#### [Problem to solve]
Return the lines below exactly, from the first line to the line that contains "Director Barry Levinson". Leave out pictures.

Stored records:

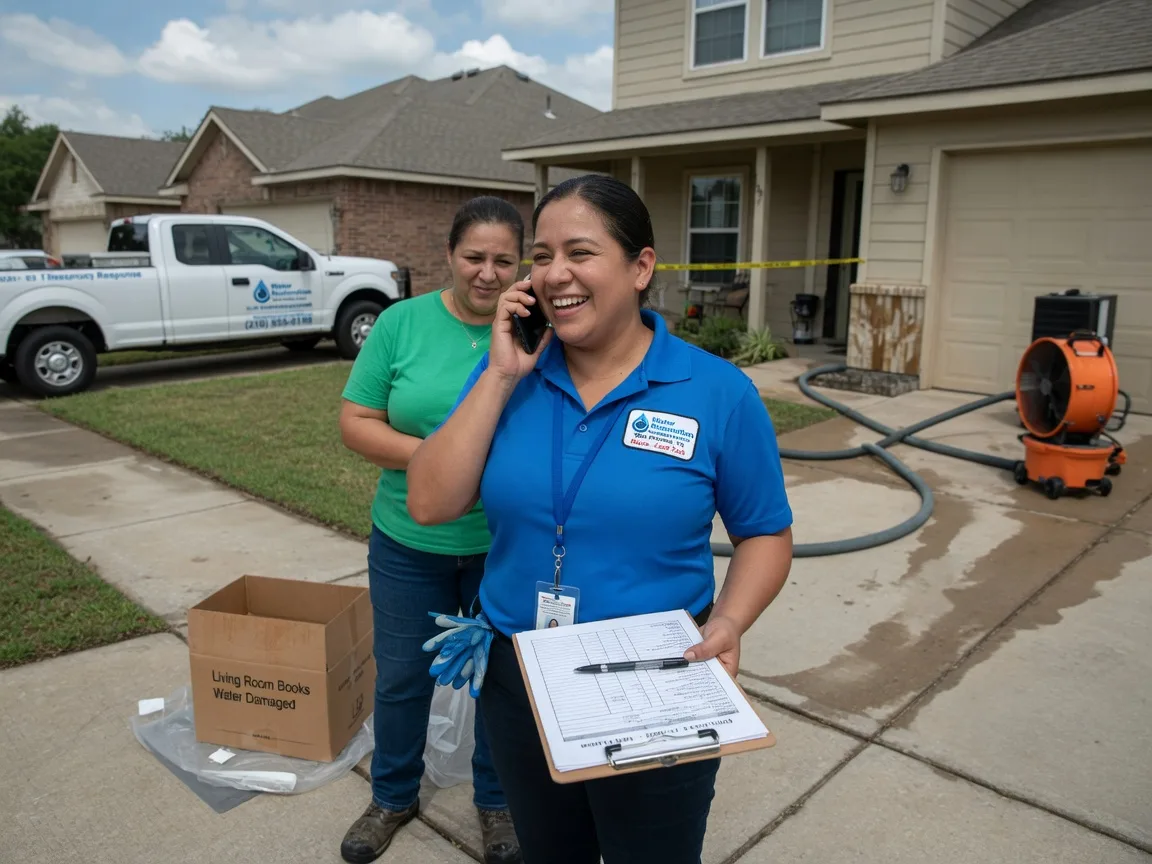 Water Damage Repair Villa Grande, CA FAQs
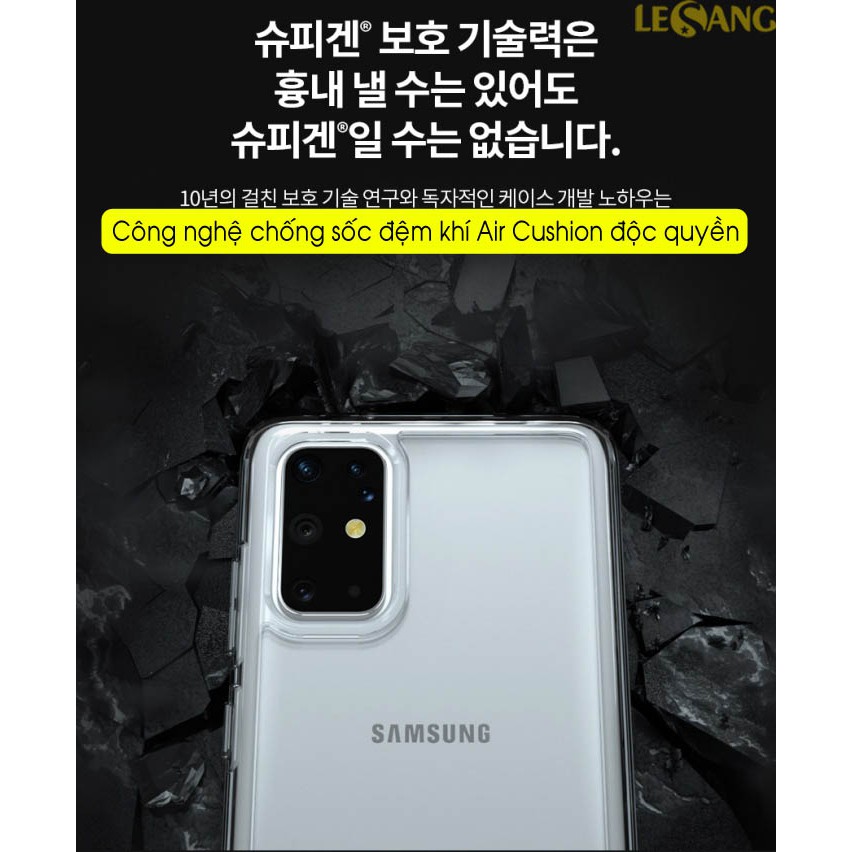Ốp lưng Samsung S20 / S20 Plus / S20 Ultra Spigen Ultra Hybrid -  -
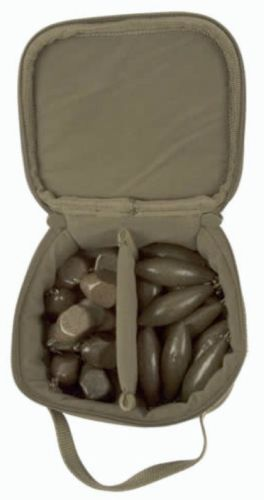 TRAKKER NXG LEAD POUCH TWIN COMPARTMENT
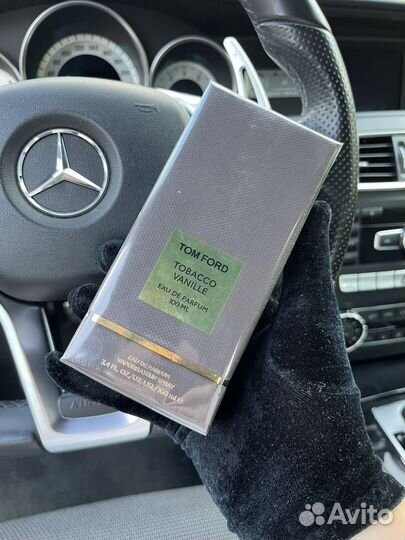 Парфюм Tom Ford Tobacco Vanille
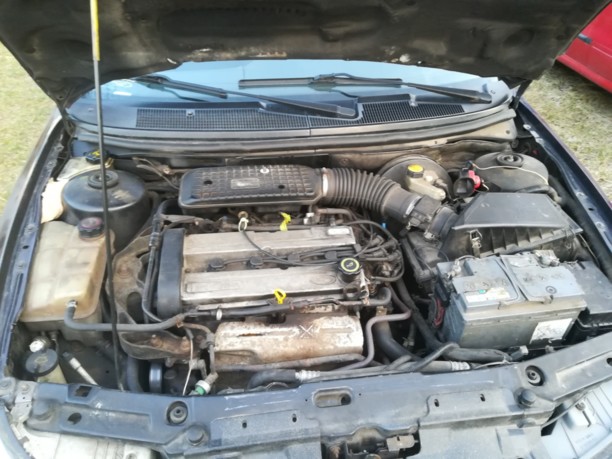 Ford Mondeo II, 1998 г.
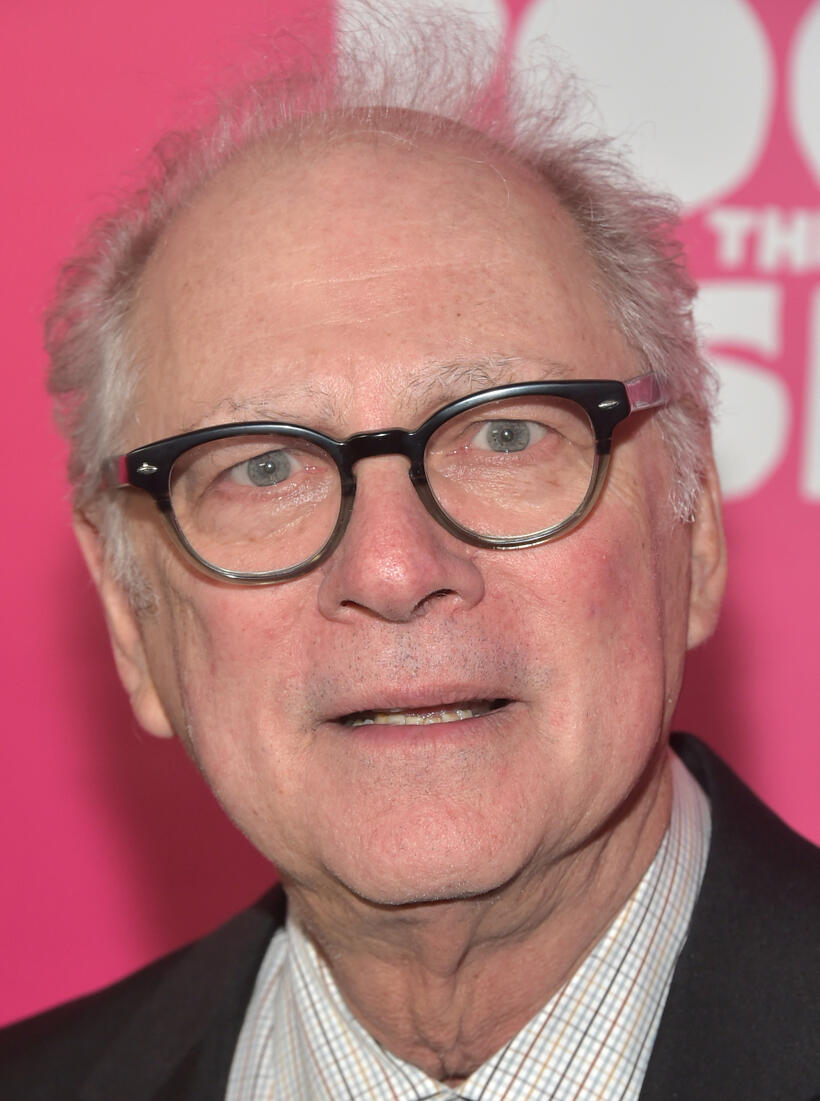 Director Barry Levinson at the New York premiere of "Rock The Kasbah."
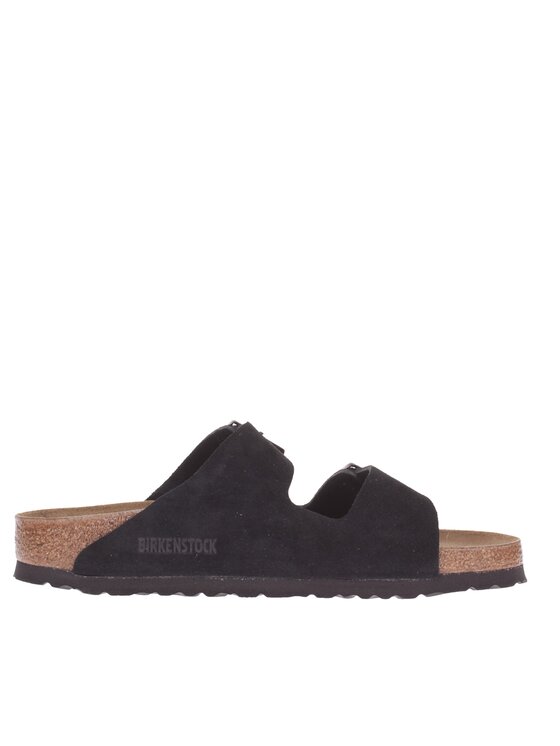 Birkenstock Birkenstock Klapki ARIZONA Czarny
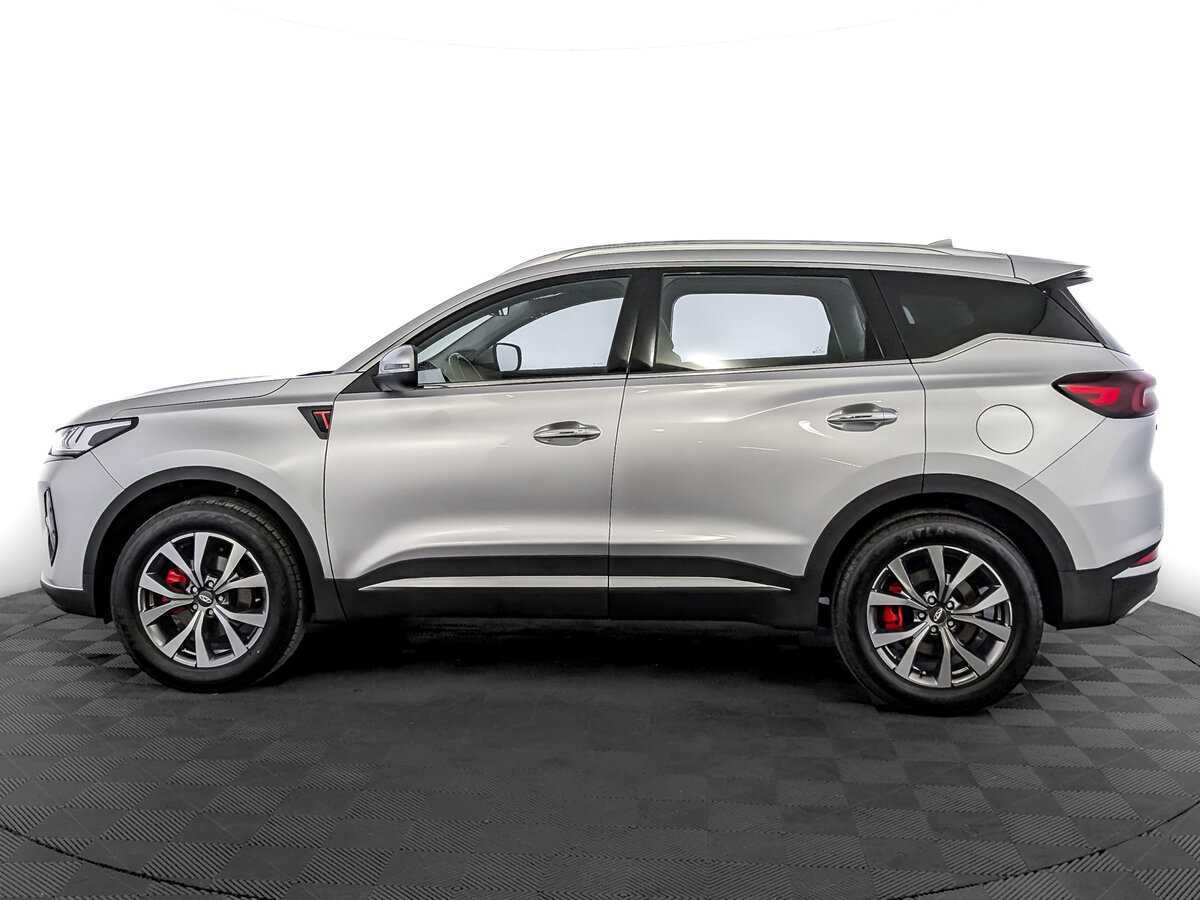 CHERY Tiggo 7 Pro Max, 2024 - 7 000 км. | Фото №8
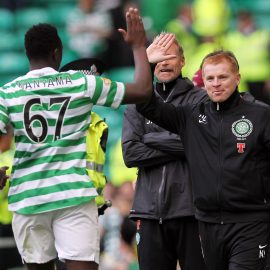 Scottish Premier League - Celtic v Dundee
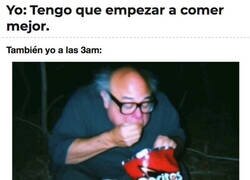 Enlace a Esas horas son muy malas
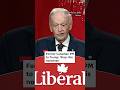 Chrétien to Trump: 'Stop this nonsense'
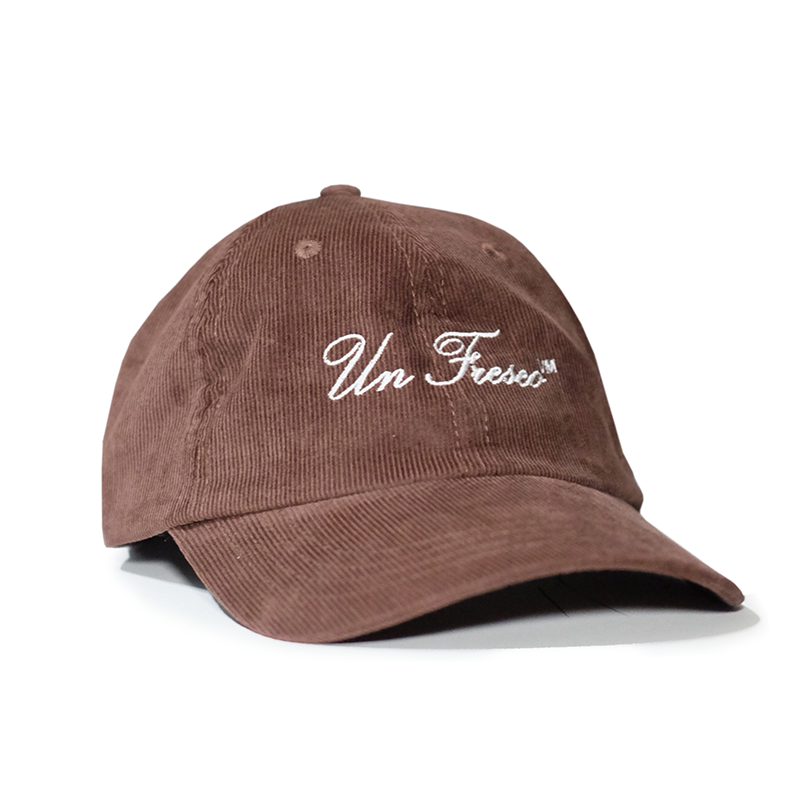 Un Freseo Gorra Marron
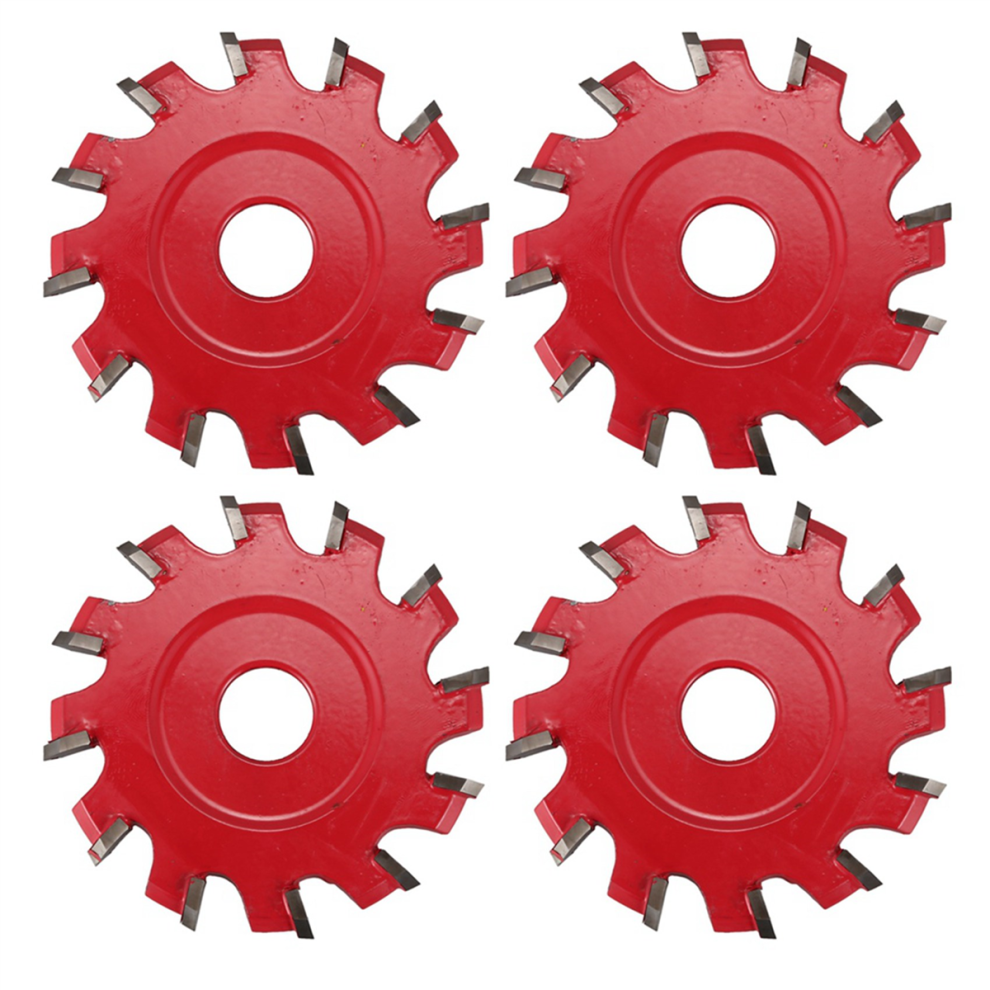 Lame Da Taglio Rotonde Da 10 Mm Per Piastre In Alluminio-image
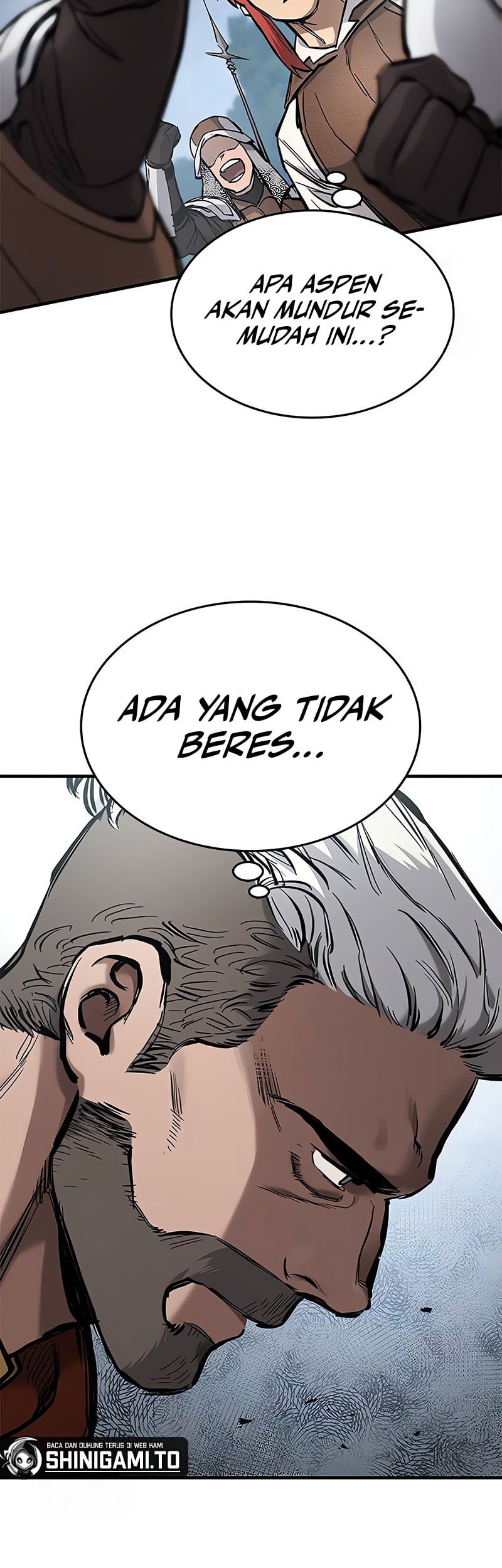 Eternally Regressing Knight Chapter 65 Gambar 75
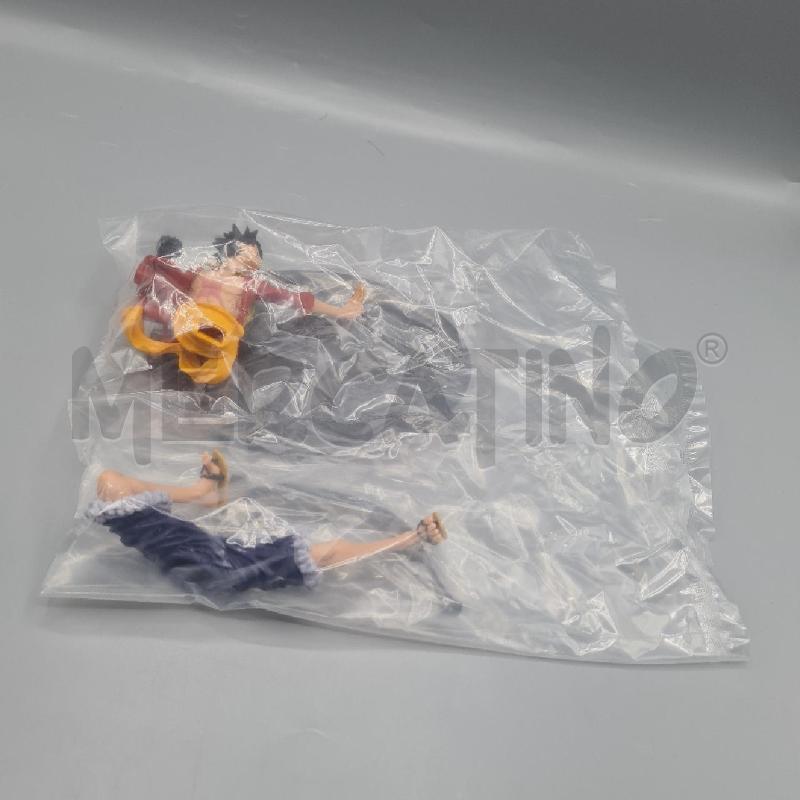 ACTION FIGURE ONE PIECE MONKEY D. LUFFY BANDAI | Mercatino dell'Usato Torino san paolo 3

#### [Solution]
 Water Damage Repair Villa Grande, CA FAQs
Ốp lưng Samsung S20 / S20 Plus / S20 Ultra Spigen Ultra Hybrid -  -
 TRAKKER NXG LEAD POUCH TWIN COMPARTMENT
 Парфюм Tom Ford Tobacco Vanille
 Ford Mondeo II, 1998 г.
 Director Barry Levinson at the New York premiere of "Rock The Kasbah."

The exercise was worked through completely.